Chernobyl

Há vários violões em “Chernobyl”, minissérie da HBO que recria a tragédia nuclear que assustou o mundo em 1986. Todos eles são igualmente devastadores e ajudam, em menor ou maior grau, a transformar a trama em uma história de horror que massacra o espectador ao longo de seus cinco episódios. Existe o vilão invisível da radiação, a estupidez humana e o próprio regime comunista, cada um deles cumprindo um papel determinante para potencializar um acidente já alarmante por si só.

Criada por Craig Mazin (que tem em seu currículo o roteiro de filmes como “Todo Mundo em Pânico” e “Se Beber, Não Case”) e dirigida por Johan Renck (responsável por videoclipes de Madonna, Lana Del Rey e David Bowie), a minissérie usa muito bem os “violões” a seu favor, construindo uma narrativa ora claustrofóbica e tensa, ora desesperançosa e devastadora.

Sem rodeios, “Chernobyl” joga o espectador no centro do maior desastre nuclear da história da humanidade, mostrando uma sucessão de decisões erradas tomadas por “cientistas” que não sabiam realmente o que estava acontecendo. Aliado a isso, autoridades minimizam o potencial do acidente, ora por ignorância, ora por medo dos líderes do partido comunista, ora por diplomacia para tentar salvar a imagem do regime diante da comunidade internacional. Os resultados, claro, são catastróficos e, até hoje, o governo russo não divulga os números reais do acidente, contabilizando apenas os que morreram diretamente na explosão e desconsiderando milhares que foram contaminados e tiveram suas vidas encurtadas graças à exposição mortal à radiação.

Com uma abordagem quase documental, uma fotografia acinzentada e uma trilha sonora enervante que reforça a melancolia e urgência da situação, o espectador acompanha uma série de fatos que reconta os passos do acidente. Acompanhamos os bombeiros chegando completamente despreparados à usina, alheios ao próprio destino. Vemos a população da cidade vizinha que vive em função de Chernobyl contemplando a beleza das luzes brilhantes emitidas pelo incêndio, todos ignorantes ao poder destrutivo das cinzas que caem sob suas peles.

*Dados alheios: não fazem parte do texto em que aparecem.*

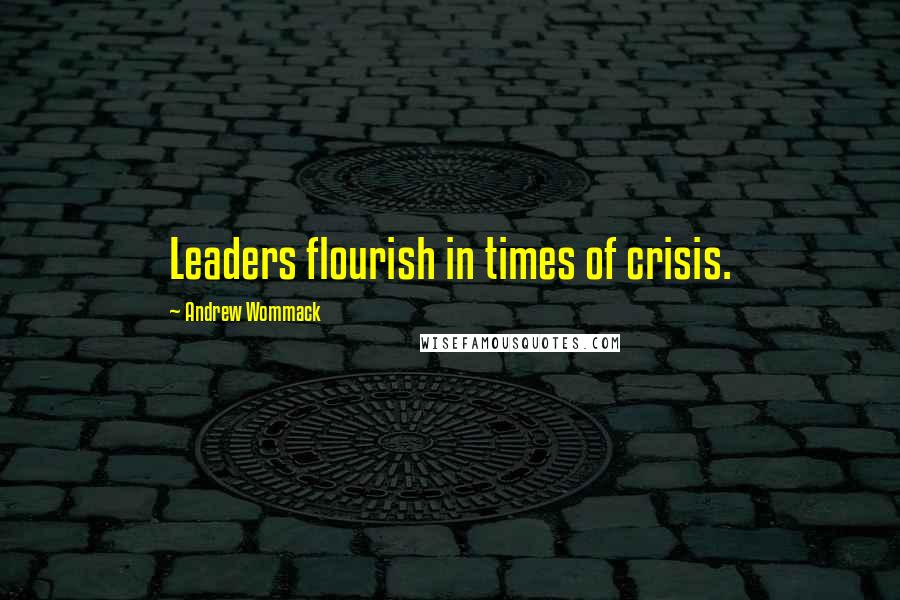 Andrew Wommack quotes: Leaders flourish in times of crisis.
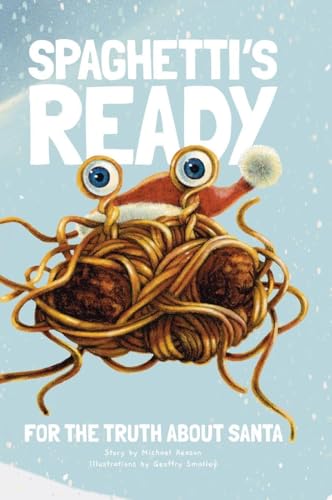 Spaghetti's Ready: For The Truth About Santa - Hardcover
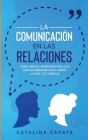 La Comunicación en las Relaciones: Cómo Crear y Mantener Vínculos con las Personas en el Amor, la Vida y el Trabajo Cover Image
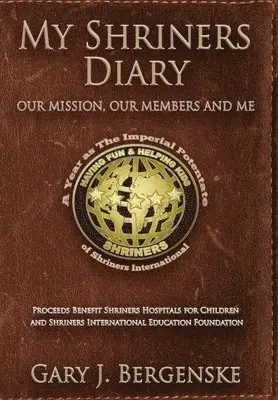 Gary J Bergenske - My Shriners Diary, Inbunden. Tillgänglighet: Lägg i varukorg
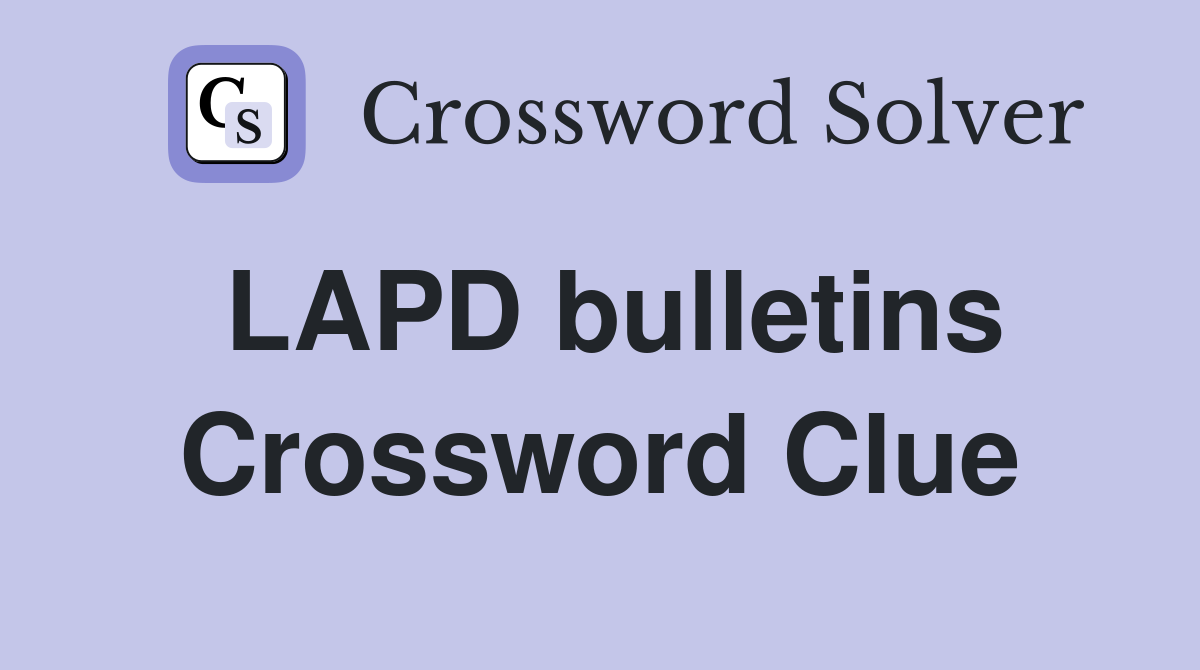 LAPD bulletins Crossword Clue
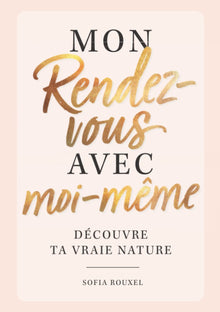 Mon rendez-vous avec moi-même – Découvre ta vraie nature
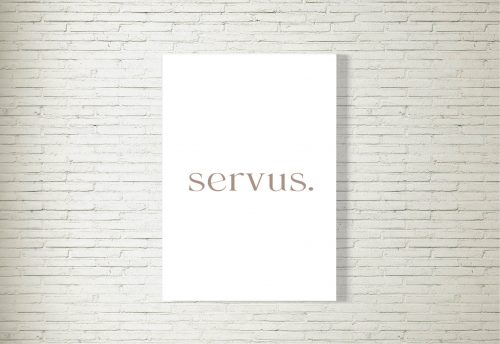 Poster/Bild Typo servus
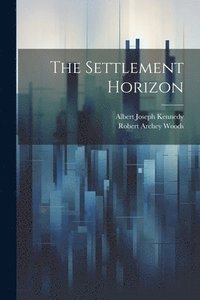 bokomslag The Settlement Horizon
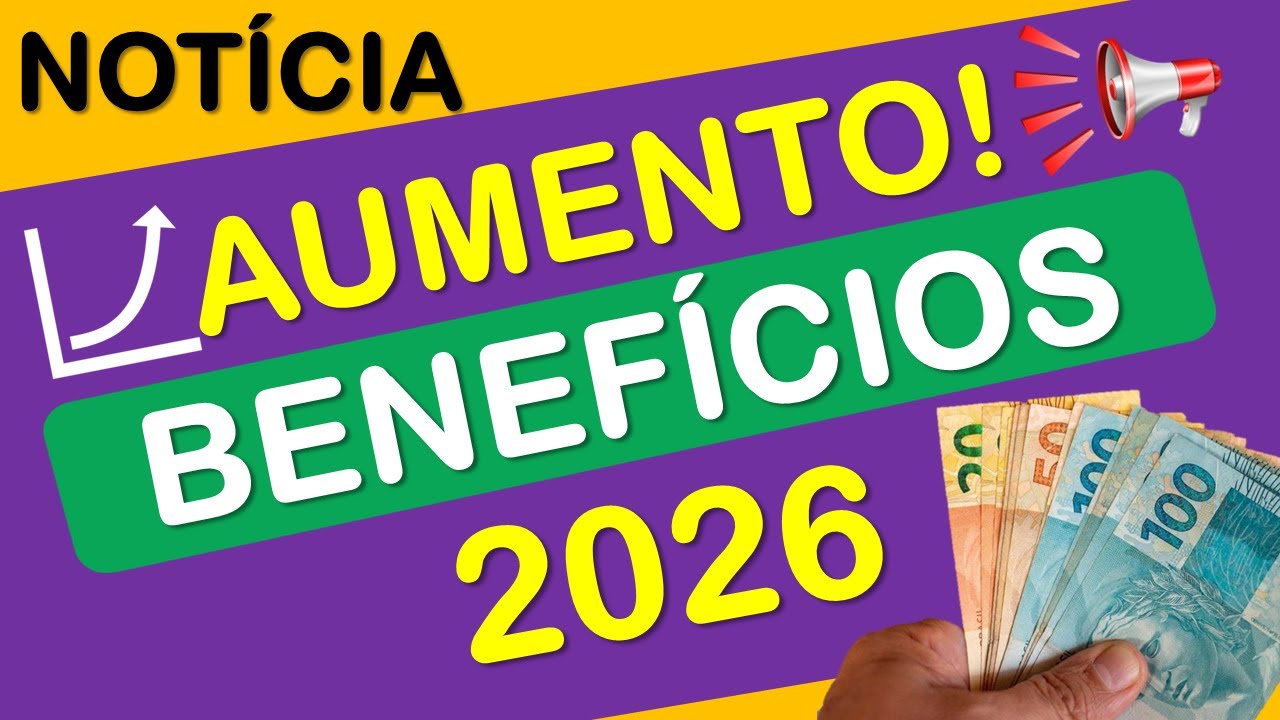 INSS: AUMENTO NOS BENEFÍCIOS EM JANEIRO DE 2026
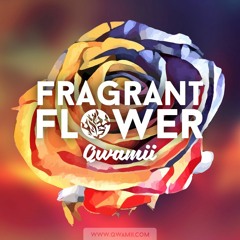 Fragrant Flower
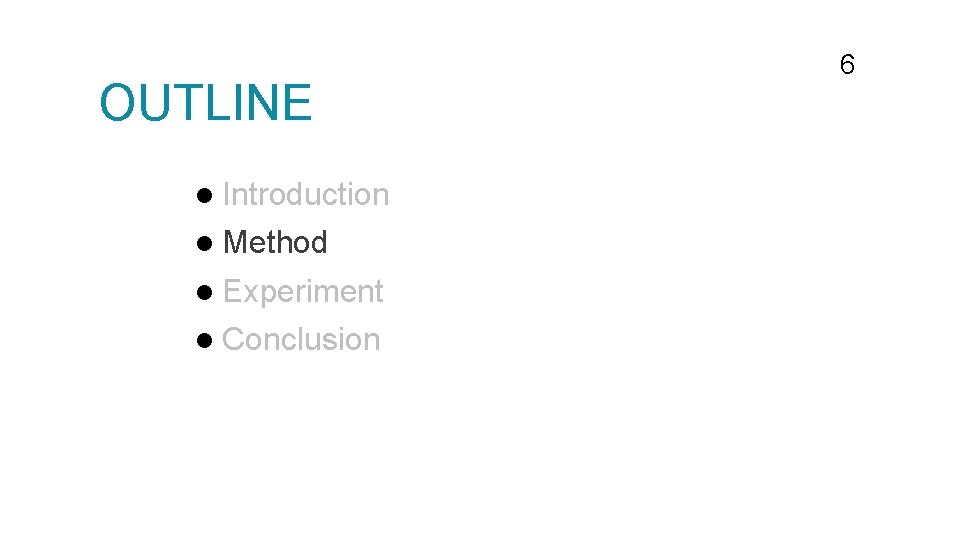 OUTLINE l Introduction l Method l Experiment l Conclusion 6 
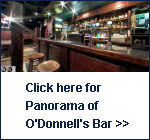 Click here to see panorama of O'Donnells Bar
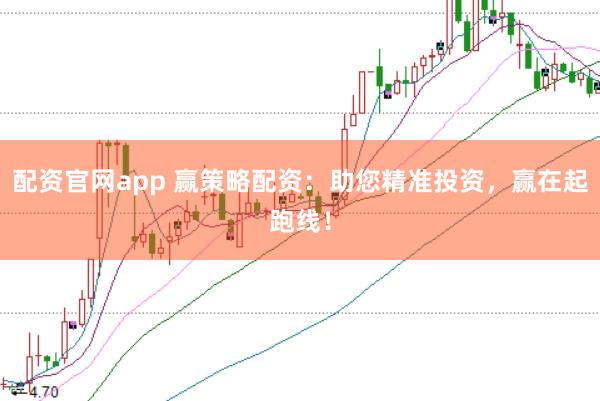 配资官网app 赢策略配资：助您精准投资，赢在起跑线！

Em seguida, o espectador se emociona com as cenas da população da cidade de Pripyat sendo evacuada e se revolta com as tentativas de funcionários da usina, de mineradores e jovens recrutados pelo governo em minimizar as consequências do desastre, muitos sem saber o real perigo que corriam.

Além do poder da própria história, que, inicialmente, concentra-se em momentos cruciais para a solução da questão, a minissérie balanceia muito bem o drama humano de pessoas que tiveram as vidas afetadas para sempre (caso da viúva de um dos bombeiros chamados para conter o incêndio causado pela explosão do reator da usina) com as questões políticas e ideológicas de uma nação que não queria assumir internacionalmente os seus próprios erros.

Em meio a essa trama dilacerante, que não poupa nem mesmo os animais de estimação da população local, a minissérie ainda se destaca em termos narrativos e audiovisuais, com uma estética realista que ganha auras de filme de terror graças à tensão proporcionada pelos efeitos sonoros metálicos que transformam a radiação quase em personagem e ao horror da maquiagem que recria os corpos em decomposição.

Uma das melhores produções recentes da TV, a minissérie é um importante e preciso documento histórico e um belo exercício audiovisual sobre um desastre que ainda reverbera nos dias de hoje. Mais de 30 anos depois, a área próxima à usina permanece contaminada (e ficará assim por milênios) e parte da população da região ainda sofre com doenças e deformidades causadas pela exposição à radiação e pela contaminação do meio ambiente.